THE TASK - Go through the records line by line from the top and repeat each one exactly, ending with the line that contains "Balagan Balagan Handtasche Rofe Pouch Braun".

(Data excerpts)

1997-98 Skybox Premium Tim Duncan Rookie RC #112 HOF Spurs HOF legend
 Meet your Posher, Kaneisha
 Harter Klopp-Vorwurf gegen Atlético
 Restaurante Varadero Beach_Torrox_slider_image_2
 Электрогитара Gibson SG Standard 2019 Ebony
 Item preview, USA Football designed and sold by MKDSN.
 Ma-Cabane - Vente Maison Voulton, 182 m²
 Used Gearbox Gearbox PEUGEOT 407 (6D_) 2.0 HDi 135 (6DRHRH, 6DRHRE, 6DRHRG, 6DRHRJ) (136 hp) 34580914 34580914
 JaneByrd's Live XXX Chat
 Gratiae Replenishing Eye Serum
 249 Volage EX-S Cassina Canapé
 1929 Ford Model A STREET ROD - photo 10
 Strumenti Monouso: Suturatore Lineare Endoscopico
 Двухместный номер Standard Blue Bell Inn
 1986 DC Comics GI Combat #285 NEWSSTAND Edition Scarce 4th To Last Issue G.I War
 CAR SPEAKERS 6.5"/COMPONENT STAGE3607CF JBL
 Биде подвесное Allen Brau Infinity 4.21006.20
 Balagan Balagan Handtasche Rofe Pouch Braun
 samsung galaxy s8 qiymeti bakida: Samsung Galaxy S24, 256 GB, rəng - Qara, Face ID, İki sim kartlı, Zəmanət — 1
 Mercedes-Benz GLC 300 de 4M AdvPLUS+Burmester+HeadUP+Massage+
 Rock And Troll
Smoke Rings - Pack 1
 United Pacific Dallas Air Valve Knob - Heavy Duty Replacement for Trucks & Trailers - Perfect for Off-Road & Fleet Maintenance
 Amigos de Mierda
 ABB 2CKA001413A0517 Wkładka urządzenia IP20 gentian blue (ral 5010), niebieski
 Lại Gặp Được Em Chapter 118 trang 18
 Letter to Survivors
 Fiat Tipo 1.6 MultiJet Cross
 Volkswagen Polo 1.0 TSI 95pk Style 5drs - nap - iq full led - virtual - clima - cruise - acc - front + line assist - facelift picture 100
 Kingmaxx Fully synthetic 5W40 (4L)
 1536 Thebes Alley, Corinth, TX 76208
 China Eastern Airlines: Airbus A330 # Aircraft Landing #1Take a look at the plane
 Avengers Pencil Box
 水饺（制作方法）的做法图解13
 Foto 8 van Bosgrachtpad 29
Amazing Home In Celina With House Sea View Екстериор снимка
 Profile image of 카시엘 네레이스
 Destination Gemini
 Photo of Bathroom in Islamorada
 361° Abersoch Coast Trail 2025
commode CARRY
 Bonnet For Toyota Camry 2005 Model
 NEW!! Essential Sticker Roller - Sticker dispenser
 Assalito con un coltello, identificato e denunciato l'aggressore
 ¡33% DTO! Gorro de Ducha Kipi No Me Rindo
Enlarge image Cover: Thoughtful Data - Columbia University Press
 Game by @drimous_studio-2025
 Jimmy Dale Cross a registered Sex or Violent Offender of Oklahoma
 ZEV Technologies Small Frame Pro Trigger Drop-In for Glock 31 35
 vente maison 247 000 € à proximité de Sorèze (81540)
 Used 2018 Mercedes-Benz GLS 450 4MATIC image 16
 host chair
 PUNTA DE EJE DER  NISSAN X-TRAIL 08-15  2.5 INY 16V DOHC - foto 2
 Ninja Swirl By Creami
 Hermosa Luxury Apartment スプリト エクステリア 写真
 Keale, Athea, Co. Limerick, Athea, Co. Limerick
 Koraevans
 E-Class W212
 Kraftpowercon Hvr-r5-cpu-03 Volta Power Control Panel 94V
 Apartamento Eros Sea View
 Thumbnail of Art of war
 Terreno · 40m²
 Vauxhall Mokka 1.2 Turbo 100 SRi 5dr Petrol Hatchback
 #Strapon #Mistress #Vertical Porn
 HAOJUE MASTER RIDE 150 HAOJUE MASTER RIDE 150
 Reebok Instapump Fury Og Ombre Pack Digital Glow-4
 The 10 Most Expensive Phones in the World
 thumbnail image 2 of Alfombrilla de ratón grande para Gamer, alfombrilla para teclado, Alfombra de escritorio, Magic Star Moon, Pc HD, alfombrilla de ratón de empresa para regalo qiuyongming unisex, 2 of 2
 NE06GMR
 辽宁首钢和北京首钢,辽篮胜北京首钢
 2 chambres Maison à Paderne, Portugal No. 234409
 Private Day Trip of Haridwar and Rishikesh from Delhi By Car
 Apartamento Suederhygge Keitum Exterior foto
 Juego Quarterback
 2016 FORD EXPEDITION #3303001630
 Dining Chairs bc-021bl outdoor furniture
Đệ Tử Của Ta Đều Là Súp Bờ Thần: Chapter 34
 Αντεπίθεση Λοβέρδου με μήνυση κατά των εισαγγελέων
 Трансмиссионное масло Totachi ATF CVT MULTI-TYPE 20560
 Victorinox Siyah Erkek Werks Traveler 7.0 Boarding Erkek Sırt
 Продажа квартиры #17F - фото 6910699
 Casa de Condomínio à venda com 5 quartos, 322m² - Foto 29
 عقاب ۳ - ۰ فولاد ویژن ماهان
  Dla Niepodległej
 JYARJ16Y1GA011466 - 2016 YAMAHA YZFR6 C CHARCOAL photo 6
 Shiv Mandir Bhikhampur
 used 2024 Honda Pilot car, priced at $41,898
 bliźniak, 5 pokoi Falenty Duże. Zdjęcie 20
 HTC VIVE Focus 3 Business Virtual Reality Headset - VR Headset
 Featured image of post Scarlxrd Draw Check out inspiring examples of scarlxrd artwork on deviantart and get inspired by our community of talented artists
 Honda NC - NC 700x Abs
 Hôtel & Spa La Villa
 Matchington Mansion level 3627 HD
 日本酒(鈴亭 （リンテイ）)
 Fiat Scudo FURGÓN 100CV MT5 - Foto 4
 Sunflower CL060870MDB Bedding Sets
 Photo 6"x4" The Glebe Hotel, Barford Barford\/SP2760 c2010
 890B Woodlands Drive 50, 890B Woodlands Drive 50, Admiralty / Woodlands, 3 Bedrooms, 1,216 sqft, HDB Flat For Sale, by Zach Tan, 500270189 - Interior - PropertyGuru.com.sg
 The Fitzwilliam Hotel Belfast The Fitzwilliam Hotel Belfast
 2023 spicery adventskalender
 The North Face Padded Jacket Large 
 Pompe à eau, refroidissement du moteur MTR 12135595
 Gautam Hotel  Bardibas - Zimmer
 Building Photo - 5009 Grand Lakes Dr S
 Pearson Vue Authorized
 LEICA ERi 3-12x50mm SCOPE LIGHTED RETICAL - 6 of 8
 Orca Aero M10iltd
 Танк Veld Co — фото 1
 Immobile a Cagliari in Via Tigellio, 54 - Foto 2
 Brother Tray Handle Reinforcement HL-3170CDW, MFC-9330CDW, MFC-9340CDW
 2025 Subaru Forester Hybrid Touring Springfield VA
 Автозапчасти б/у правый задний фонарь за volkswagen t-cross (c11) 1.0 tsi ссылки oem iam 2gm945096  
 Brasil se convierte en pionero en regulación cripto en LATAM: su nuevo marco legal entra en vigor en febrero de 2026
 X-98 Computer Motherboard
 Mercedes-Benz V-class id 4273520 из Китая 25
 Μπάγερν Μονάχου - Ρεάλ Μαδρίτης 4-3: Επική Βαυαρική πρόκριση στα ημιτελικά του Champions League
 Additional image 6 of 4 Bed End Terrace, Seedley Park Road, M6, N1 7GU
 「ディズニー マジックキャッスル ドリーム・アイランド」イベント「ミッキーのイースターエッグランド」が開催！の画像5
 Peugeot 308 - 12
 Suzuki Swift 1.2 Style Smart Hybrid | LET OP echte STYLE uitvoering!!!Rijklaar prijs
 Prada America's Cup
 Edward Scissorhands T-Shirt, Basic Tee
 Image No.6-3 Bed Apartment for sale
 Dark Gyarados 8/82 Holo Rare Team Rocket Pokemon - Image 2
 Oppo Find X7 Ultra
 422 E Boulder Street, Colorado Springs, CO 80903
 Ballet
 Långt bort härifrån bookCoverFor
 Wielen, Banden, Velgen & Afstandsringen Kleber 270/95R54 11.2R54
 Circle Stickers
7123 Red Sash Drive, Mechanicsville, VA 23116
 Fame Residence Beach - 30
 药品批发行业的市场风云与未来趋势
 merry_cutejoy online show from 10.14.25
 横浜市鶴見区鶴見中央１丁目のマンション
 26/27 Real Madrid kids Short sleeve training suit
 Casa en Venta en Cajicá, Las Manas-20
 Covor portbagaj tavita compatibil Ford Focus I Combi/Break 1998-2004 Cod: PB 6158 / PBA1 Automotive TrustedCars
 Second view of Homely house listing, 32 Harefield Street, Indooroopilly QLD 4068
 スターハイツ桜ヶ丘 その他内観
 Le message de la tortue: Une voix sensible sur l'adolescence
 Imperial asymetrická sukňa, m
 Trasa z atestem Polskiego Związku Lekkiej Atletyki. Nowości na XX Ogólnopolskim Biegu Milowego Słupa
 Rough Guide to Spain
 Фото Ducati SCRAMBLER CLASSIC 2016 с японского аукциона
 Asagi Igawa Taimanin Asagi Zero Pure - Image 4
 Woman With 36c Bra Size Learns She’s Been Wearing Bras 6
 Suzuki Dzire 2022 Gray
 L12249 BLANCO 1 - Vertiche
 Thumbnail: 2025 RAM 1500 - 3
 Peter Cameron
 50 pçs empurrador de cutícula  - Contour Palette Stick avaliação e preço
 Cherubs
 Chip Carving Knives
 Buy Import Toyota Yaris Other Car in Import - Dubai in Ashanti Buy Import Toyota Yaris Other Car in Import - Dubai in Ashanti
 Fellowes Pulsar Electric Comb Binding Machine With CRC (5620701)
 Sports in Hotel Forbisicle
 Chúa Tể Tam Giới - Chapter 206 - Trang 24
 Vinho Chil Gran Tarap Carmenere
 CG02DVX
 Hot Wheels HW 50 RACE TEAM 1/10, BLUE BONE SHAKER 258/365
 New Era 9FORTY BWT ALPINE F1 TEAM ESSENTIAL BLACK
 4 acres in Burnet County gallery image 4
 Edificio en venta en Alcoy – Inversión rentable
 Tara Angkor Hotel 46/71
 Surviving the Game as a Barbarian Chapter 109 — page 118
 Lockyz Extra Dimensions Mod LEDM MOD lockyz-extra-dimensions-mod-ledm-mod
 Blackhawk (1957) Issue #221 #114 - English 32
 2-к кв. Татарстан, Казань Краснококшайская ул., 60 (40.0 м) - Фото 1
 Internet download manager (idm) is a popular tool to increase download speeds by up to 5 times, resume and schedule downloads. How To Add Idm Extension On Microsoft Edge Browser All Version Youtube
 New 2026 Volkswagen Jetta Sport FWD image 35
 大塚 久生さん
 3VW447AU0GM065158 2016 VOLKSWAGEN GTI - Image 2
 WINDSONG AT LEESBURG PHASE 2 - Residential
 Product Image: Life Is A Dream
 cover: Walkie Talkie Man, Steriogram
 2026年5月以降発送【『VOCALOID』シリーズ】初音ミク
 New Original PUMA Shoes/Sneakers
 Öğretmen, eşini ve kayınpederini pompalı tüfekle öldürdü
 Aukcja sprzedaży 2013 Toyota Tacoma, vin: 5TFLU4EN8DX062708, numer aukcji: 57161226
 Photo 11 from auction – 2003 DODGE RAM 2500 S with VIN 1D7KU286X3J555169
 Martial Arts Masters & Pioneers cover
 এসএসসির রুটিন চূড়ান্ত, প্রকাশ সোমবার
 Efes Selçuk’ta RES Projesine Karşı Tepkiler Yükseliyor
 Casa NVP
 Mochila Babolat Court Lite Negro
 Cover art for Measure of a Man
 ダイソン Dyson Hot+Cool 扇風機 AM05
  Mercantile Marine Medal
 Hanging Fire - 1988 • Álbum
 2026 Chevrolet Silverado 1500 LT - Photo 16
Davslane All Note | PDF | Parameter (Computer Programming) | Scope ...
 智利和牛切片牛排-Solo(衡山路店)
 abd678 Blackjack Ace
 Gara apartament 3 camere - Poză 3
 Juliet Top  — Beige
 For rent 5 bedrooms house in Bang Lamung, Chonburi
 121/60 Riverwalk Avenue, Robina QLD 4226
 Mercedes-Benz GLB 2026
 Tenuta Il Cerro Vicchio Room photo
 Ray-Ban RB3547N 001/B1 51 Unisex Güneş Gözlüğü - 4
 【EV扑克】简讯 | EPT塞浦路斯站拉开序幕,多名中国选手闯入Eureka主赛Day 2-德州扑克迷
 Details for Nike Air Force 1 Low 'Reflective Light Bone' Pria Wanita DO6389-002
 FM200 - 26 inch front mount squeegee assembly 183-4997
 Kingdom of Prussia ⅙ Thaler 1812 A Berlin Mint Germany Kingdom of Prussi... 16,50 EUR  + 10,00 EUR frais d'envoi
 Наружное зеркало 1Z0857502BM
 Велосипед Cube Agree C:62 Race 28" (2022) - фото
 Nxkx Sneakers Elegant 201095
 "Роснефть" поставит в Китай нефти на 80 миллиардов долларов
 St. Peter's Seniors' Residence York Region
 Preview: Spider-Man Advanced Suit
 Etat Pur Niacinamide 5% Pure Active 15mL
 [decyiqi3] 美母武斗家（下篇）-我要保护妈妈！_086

OUTPUT FOR THIS TASK -
1997-98 Skybox Premium Tim Duncan Rookie RC #112 HOF Spurs HOF legend
 Meet your Posher, Kaneisha
 Harter Klopp-Vorwurf gegen Atlético
 Restaurante Varadero Beach_Torrox_slider_image_2
 Электрогитара Gibson SG Standard 2019 Ebony
 Item preview, USA Football designed and sold by MKDSN.
 Ma-Cabane - Vente Maison Voulton, 182 m²
 Used Gearbox Gearbox PEUGEOT 407 (6D_) 2.0 HDi 135 (6DRHRH, 6DRHRE, 6DRHRG, 6DRHRJ) (136 hp) 34580914 34580914
 JaneByrd's Live XXX Chat
 Gratiae Replenishing Eye Serum
 249 Volage EX-S Cassina Canapé
 1929 Ford Model A STREET ROD - photo 10
 Strumenti Monouso: Suturatore Lineare Endoscopico
 Двухместный номер Standard Blue Bell Inn
 1986 DC Comics GI Combat #285 NEWSSTAND Edition Scarce 4th To Last Issue G.I War
 CAR SPEAKERS 6.5"/COMPONENT STAGE3607CF JBL
 Биде подвесное Allen Brau Infinity 4.21006.20
 Balagan Balagan Handtasche Rofe Pouch Braun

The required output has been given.